I’m going to give you the secrets of success. As I tell my students, this may be the most important advice you ever receive. Sure, I still have goals to achieve – but I’ve reached some and am confident you’ll find this post helpful. It was inspired by Tuesday’s event in Nashville, where my band won regionals in the Shure SM58 Give It Voice Tour:
Two bits of wisdom – well, one biggie in two parts. #1: Talent is code for strong work ethic. There is no substitute. The FX pedal shown here does not exist. You have complete control over your talent level. People often think of talent as being assigned by G-d, but it’s time and effort. Every athlete is born with the same muscle and skeleton structure. Every guitarist had to learn how to play at some point. When I began singing, I was horrible. Like, really bad. I worked on it. I got better. On Tuesday, a gentleman from Shure said I had “an amazing voice” (they make microphones). Look at Spud Webb, who was probably told as a kid that he could never play pro basketball due to his height. Work hard, practice, improve your game and you can achieve any goal. You may have to work harder than anyone else – not everyone has the same hill to climb – but you’ll reach the top eventually. Which brings us to #2, the formula for distance: Time x Effort = Distance.
The harder you work, the less time it will take to reach your destination. If you only practice once a week, it will take you seven times longer to [play guitar well] than your classmate who practices daily. Sometimes my students are discouraged by this part; they want that Talent Simulator. I think it’s because American pop culture encourages quick fixes – microwaves, magic diet pills (or liposuction), tanning salons … I’m sure there are better examples but you see my point.

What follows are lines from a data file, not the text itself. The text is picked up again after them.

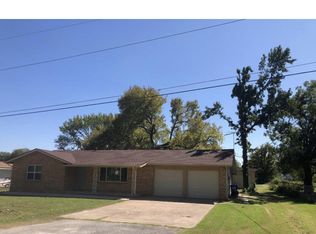 201 Sandra Dr, Azle, TX 76020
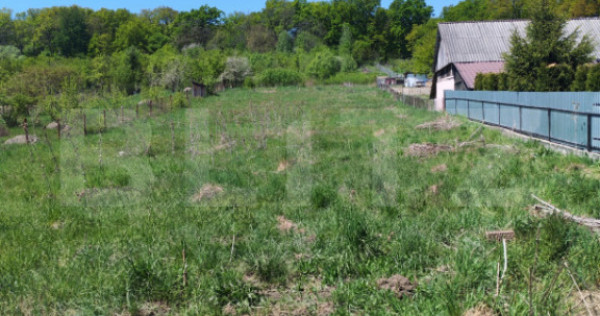 Teren intravilan de v&acirc;nzare &ndash; 2.400 mp, Unirea (aproape d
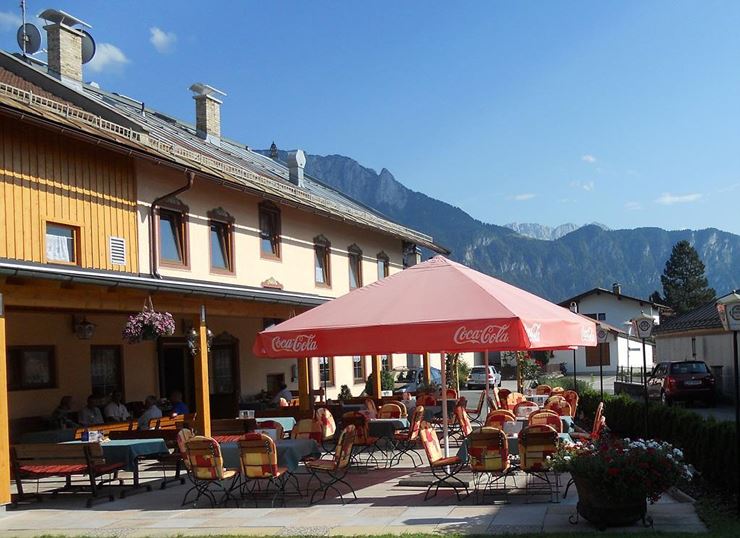 Gasthaus Metzgerwirt Niederndorf Ansicht Terrasse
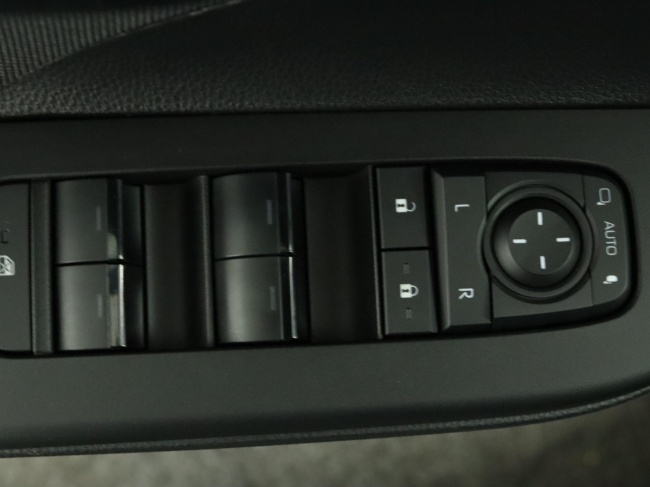 Toyota C-HR - 2.0 Plug-in Hybrid 220 Dynamic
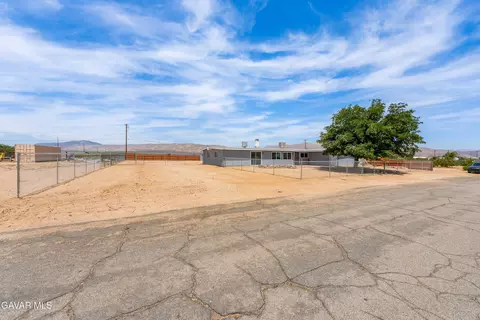 26111 Morongo Dr, Mojave, CA 93501 photo 7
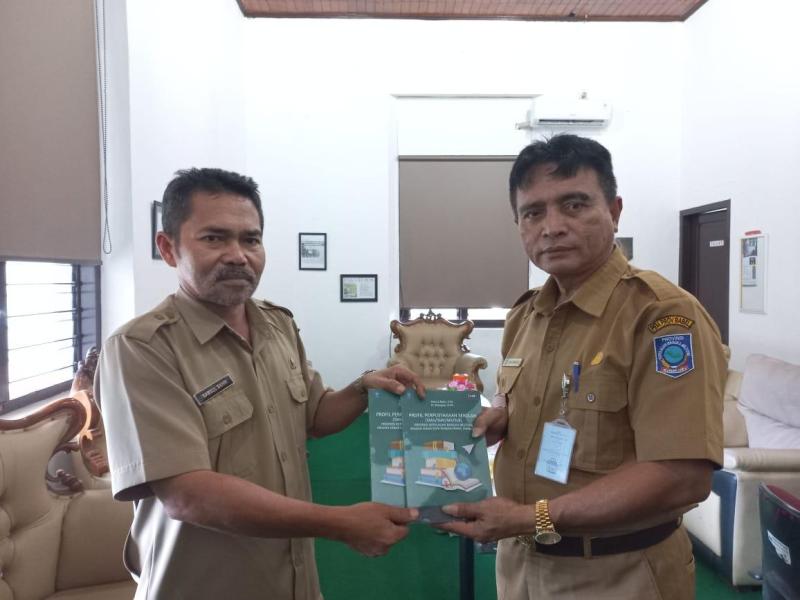 Dua Pustakawan DKPUS Sumbang Buku ke Perpusprov Babel, Rakhmadi Berharap jadi Pionir 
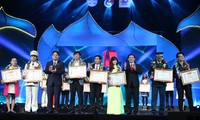 Remise des prix Jeune figure illustre du Vietnam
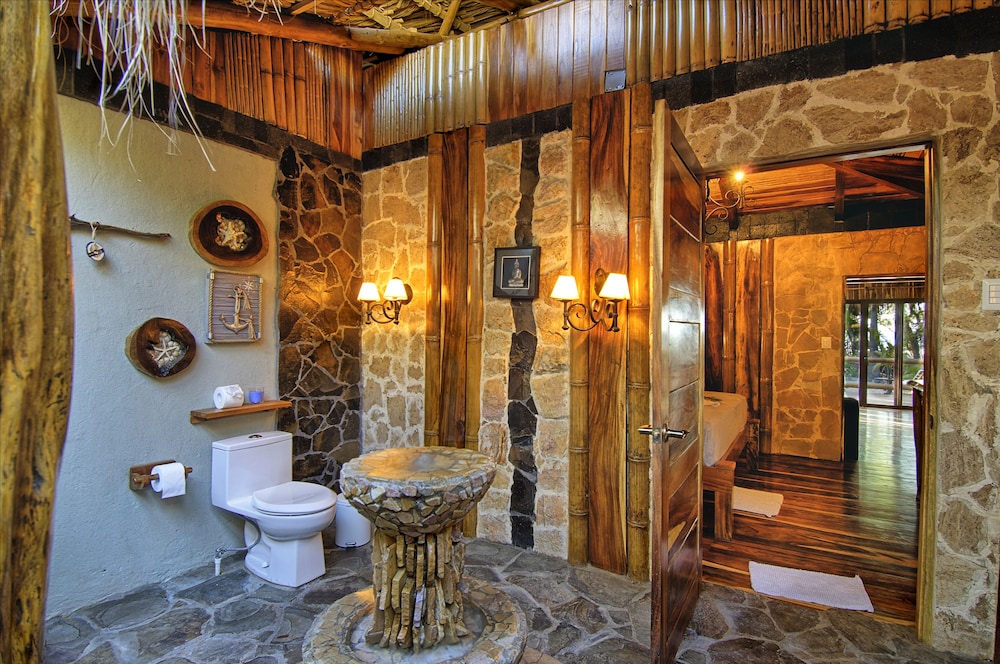 Ocho Artisan Bungalows 79/80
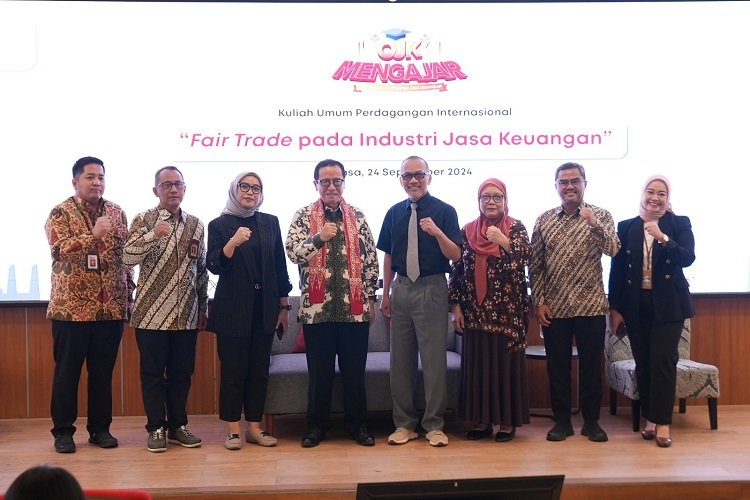 KOMITMEN OJK CIPTAKAN FAIR TRADE PADA INDUSTRI JASA KEUANGAN“OJK Mengajar” di Universitas Padjajaran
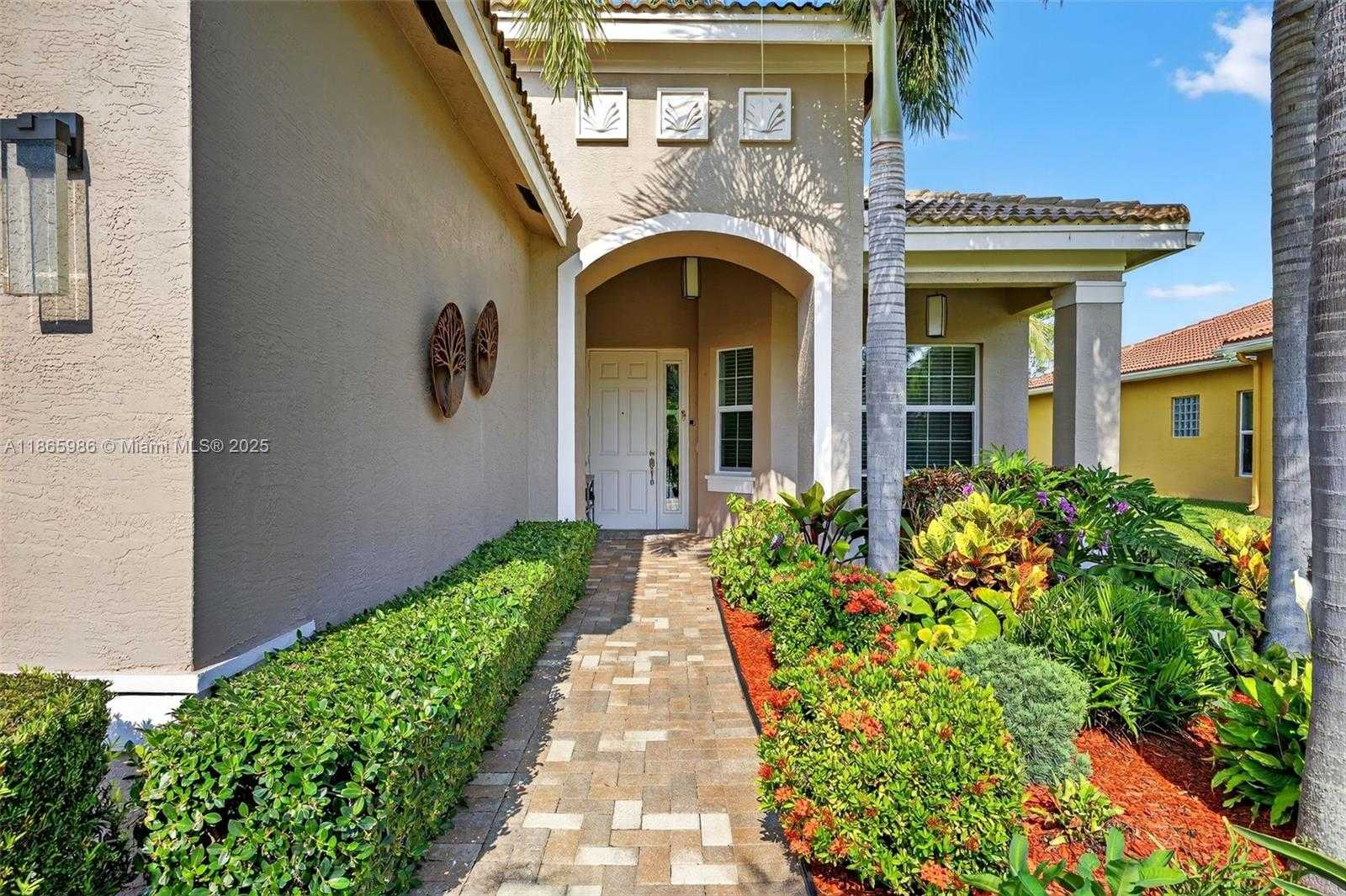 Small Image of 11644 DAWSON RANGE RD, Boynton Beach Number 2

The harder you work, the farther you will go in the same amount of time. Rat Race? No worries when you are working harder than your competition; you will go farther. The only risk is burning out. Recall the astronomical metaphor commonly heard when famous people die young, “the brightest stars burn fastest.” This may be true, but with moderation you can avoid becoming a burnout. Moderation is key. Everyone has different limits, everyone has different struggles. Maybe the tools you need are not available? Maybe you have it harder than the next person. But maybe you can work a little harder and focus more on what really needs to be done to achieve your goal(s).